Ja, ich meine genau jene Art von Schul- und Traditionsbildung, die in der Philosophie nichts Ungewöhnliches ist. Zwei Faktoren kommen bei Habermas noch hinzu, die ihn fundamental von Blumenberg unterscheiden. Da ist zum einen die Tatsache, daß Habermas als ein streitbarer Intellektueller sehr schnell zu einer öffentlichen Figur wurde, die in den jungen Bundesrepublik der 60er Jahre mit Vordenkerfunktionen ausgestattet war. Blumenberg hingegen meidete die Öffentlichkeit, wann immer sich Gelegenheit geboten hätte und beschränkte sich auf Glossen und Anekdoten in der NZZ und FAZ. Im Streit, in der Kontroverse, im argumentativ geführten Diskurs sah er nicht das bevorzugte Medium der Philosophie. In dem kleinen Vorlesungsmitschnitt, der in dem Film "Der unsichtbare Philosoph" zu hören ist, mißbilligt er Seminare, weil er in der Philosophie ein "Handwerk" sah, daß man wie andere Handwerke auch besser im Vollzug demonstrieren könne; deshalb seien Vorlesungen das richtige Format für dieses Zeigen. Während Habermas den "Strukturwandel der Öffentlichkeit" begleitete, blieb Blumenberg für die Öffentlichkeit "unsichtbar". -Friederike hat geschrieben : ↑Mo 18. Nov 2019, 13:10
Konkret: Du meinst mit dem schulbildenden Verfahren, daß Akademiker, die eine Professur innehaben, dafür Sorge tragen, wissenschaftliche Mitarbeiter und wissenschaftliche Assistentinnen zu haben, die die Arbeit ihres Doktorvaters (ihrer Doktormutter) bzw. ihres Förderers einer wissenschaftlichen Ausbildung fortführen?

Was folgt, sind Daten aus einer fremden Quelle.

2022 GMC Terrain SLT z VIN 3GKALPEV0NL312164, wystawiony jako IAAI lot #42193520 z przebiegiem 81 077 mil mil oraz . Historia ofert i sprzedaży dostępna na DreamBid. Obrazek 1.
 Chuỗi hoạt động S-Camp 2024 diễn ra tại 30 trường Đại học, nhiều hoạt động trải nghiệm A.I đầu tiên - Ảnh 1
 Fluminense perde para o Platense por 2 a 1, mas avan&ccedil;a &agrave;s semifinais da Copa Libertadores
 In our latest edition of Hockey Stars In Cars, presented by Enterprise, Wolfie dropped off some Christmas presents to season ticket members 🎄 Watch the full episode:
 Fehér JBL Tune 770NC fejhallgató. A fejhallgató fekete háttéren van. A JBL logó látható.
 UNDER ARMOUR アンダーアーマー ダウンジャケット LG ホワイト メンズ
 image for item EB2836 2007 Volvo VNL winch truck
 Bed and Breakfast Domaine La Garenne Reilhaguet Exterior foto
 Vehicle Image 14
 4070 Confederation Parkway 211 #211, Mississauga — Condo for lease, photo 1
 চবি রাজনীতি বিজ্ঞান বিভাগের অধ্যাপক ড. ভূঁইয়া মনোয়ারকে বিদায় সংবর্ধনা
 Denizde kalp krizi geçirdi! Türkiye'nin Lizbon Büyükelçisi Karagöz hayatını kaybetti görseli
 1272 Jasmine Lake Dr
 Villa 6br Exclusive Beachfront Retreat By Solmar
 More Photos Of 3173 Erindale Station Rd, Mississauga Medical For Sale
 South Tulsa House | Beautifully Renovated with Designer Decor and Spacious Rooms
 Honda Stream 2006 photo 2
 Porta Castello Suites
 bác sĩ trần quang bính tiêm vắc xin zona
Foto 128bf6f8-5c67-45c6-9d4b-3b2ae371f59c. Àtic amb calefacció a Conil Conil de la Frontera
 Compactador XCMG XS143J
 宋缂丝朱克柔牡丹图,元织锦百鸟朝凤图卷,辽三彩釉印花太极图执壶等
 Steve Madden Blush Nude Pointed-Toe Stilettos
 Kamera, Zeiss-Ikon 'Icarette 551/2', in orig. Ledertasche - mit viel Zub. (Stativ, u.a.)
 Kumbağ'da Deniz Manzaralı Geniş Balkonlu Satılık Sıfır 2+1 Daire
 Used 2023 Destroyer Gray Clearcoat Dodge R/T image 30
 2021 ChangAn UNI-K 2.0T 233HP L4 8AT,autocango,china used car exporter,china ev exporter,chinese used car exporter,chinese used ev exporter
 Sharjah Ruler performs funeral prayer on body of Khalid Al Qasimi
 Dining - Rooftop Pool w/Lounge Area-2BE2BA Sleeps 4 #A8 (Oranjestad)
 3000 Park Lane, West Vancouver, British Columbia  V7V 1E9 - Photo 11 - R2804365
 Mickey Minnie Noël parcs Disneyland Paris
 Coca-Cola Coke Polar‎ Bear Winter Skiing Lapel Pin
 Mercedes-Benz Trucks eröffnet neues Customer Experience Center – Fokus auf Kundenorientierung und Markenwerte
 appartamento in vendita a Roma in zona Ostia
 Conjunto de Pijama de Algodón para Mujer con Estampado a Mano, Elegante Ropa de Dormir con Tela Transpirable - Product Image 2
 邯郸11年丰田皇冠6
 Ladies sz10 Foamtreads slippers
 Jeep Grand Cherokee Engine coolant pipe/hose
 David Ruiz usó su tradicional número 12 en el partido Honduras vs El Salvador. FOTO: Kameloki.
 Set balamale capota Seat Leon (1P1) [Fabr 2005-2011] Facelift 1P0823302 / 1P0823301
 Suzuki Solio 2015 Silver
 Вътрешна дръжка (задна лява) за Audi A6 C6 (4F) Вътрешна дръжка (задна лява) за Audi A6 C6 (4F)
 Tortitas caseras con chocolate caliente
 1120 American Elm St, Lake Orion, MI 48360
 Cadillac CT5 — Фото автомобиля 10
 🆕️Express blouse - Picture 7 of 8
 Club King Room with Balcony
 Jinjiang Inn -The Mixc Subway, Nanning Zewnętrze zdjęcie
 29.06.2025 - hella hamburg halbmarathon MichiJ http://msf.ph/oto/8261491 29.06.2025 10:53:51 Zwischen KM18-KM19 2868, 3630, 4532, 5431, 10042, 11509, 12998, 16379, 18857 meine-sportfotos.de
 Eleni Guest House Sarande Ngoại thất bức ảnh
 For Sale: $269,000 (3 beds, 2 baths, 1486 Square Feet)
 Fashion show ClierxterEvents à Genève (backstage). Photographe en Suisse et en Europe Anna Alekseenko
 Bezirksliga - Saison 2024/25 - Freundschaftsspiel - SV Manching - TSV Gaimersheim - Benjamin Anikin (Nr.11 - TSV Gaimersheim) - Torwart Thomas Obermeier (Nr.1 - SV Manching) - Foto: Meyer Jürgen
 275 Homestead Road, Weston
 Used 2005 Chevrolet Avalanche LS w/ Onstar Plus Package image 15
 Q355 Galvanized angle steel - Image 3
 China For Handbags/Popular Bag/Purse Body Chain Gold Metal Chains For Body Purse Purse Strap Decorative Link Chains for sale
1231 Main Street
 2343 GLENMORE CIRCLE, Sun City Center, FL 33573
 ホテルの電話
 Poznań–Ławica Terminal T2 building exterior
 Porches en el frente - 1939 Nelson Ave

Mir fällt noch ergänzend zum akademischen Netzwerk, der Verbindung zu den "richtigen" Kreisen ein, daß es wohl auch darauf ankommt, ob Themen den zeitgeistigen philosophischen Nerv treffen. Das mag gegebenenfalls eben erst nach dem Tode eines Autors der Fall sein. Ich kann das weder für Blumenberg noch für Habermas beurteilen, aber theoretisch scheint mir die Aktualität eines bearbeiteten Themas durchaus eine maßgebliche Rolle zu spielen (das, was für "aktuell" angesehen wird). Es scheint mir vergleichbar -wenn Du gestattest- mit einem irgendeinem neuen Produkt, das eine Firma auf den Markt wirft. Erfolgreich verkaufen läßt es sich dann, wenn ein Konsumbedarf besteht ... oder aber auch, wenn ein Bedarf geweckt werden kann.
Der zweite Faktor betrifft die Aufnahme von und den Anschluß an Theorien aus benachbarten Disziplinen, aus der Sprachphilosophie, der analytischen/postanalytischen Philosophie. Habermas war hier immer für Anreicherungen seiner eigenen Theorie der Kommunikation offen. Blumenberg hat zeitgenössische Strömungen in der Philosophie über den Kreis von Poetik und Hermeneutik hinaus kaum kontaktiert. Ich war erstaunt, in den Paradigmen an einer Stelle Alfred Jules Ayer beiläufig erwähnt zu finden.
"Markt ... verkaufen ... Aktualität ... Konsumbedarf"
Ob es einen meßbaren Bedarf an Philosophie gibt und je gegeben hat, kann ich nicht beurteilen. Offenbar muß es aber zumindest eine öffentlich-rechtliche Nachfrage nach fernsehaffinen Philosophen geben (Precht, Eilenberger u.a.), die es sich nicht nehmen lassen, in "Sternstunden" das Publikum unterhaltend aufzuklären, also aufklärend zu unterhalten. Ja gut, es mag auch einen "Markt" für Philosophie geben. Was auf diesem Markt Angebot sein und Nachfrage befriedigen kann - es sei dahingestellt.